The question about Zynga is how durable it is. Is it a creative or non-creative business? Zynga wants the narrative to be that it’s not a creative or a design company. If it is, the problem is that coming up with new great games is hard. Zynga would basically just be game version of a Hollywood studio whose fortunes can rise or fall with the seasons. Instead, Zynga wants the narrative to be about hardcore psychometric sauce. It’s a better company if it’s figured out how psychological and mathematical laws give it permanent monopoly advantages. Zynga wants, perhaps needs, to be able to truthfully say, “we know how to make people buy more sheep, and therefore we are a permanent monopoly.”

I’m not sure Brooks got that far into the lecture and I suspect he isn’t going to ask politicians to use Zynga as the big example as to what the world needs. But that doesn’t stop it from being true that Zygna mastered something and has profited from it.

The problem with the narrative of competition versus creativity is not that it doesn’t provoke one into thinking, it is that it doesn’t seem to describe anything real. The most creative innovation that  I can recall in recent times was the Segway. It is still pretty darn magical. Was it successful? Nope. Why? We could go on. But one reason is that Segway pursued a strategy that kept it secret until it was ready to go big time. The problem with really new things is that they aren’t always ready for the big time right away as people have to get used to the idea. Perhaps Segway should have started in a niche and moved on from there. Indeed, Thiel may well agree.

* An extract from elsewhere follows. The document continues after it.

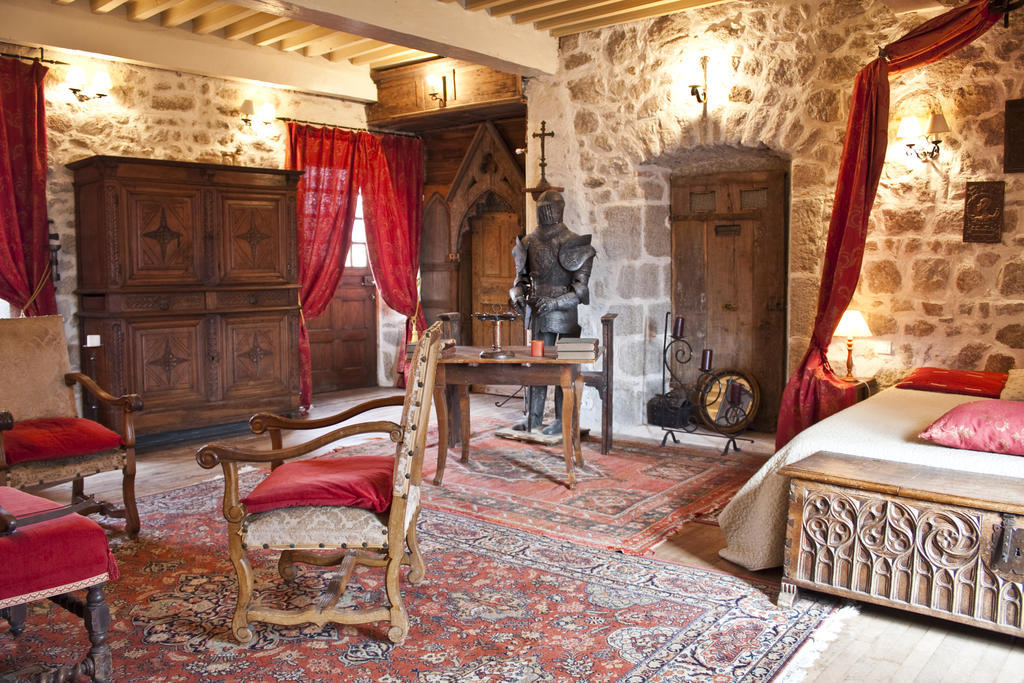 Chateau De Chantelauze Olliergues Room photo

All these companies are different, but the pattern is the same: start with a small, specific market, scale up, and always have an account of how robust you are going forward. The best way to fail is to invert this recipe by starting big and shrinking. Pets.com, Webvan, and Kozmo.com made this mistake. There are many modes of failure. But not being honest about objective market conditions is a sort of failure paradigm. You can’t succeed by believing your own rhetoric over reality except by luck.

While that sounds like avoiding competition, it is something different as the big scale strategy didn’t take on much competition either; except maybe the competition for acceptance within people’s minds.